In 1765, Lord Bute sold the unfinished house to William Petty Fitzmaurice, second Earl of Shelburne and later first Marquess of Lansdowne, with the provision that Adam be retained to continue work on the home. Adam was already well known to Lord Shelburne, whose father had employed the architect to remodel Bowood, his family's country estate in Wiltshire. (Shelburne, who served as Secretary of State and in 1783 concluded the Treaty of Paris granting independence to the United States, entertained Benjamin Franklin at Bowood on several occasions.) Lord Shelburne and his wife moved into the house in 1768, when it was in what Lady Shelburne described as "so unfurnishd a State." Yet by the time of Lady Shelburne's death and the end of Adam's employment by Lord Shelburne in 1771, the decoration of the drawing room remained incomplete and was evidently abandoned.
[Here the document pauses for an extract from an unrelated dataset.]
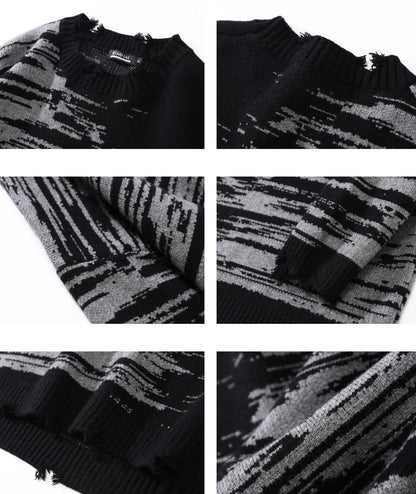 Unisex Zebra Print Knitted Sweater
Although the room's original furnishings do not survive today, it is known that Adam provided designs for a pier-glass and a semicircular pier-table, executed by John Gilbert; circular picture frames, executed by Sefferin Nelson; and a carpet, the design for which is in the collection of Sir John Soane's Museum in London.

In 1929, Lord Shelburne's heirs sold the house to a group of investors. The room was acquired by the Philadelphia Museum of Art in 1931, when the front of the house, including the drawing room and the dining room (now in the Metropolitan Museum of Art), was slated for demolition to make way for a new street.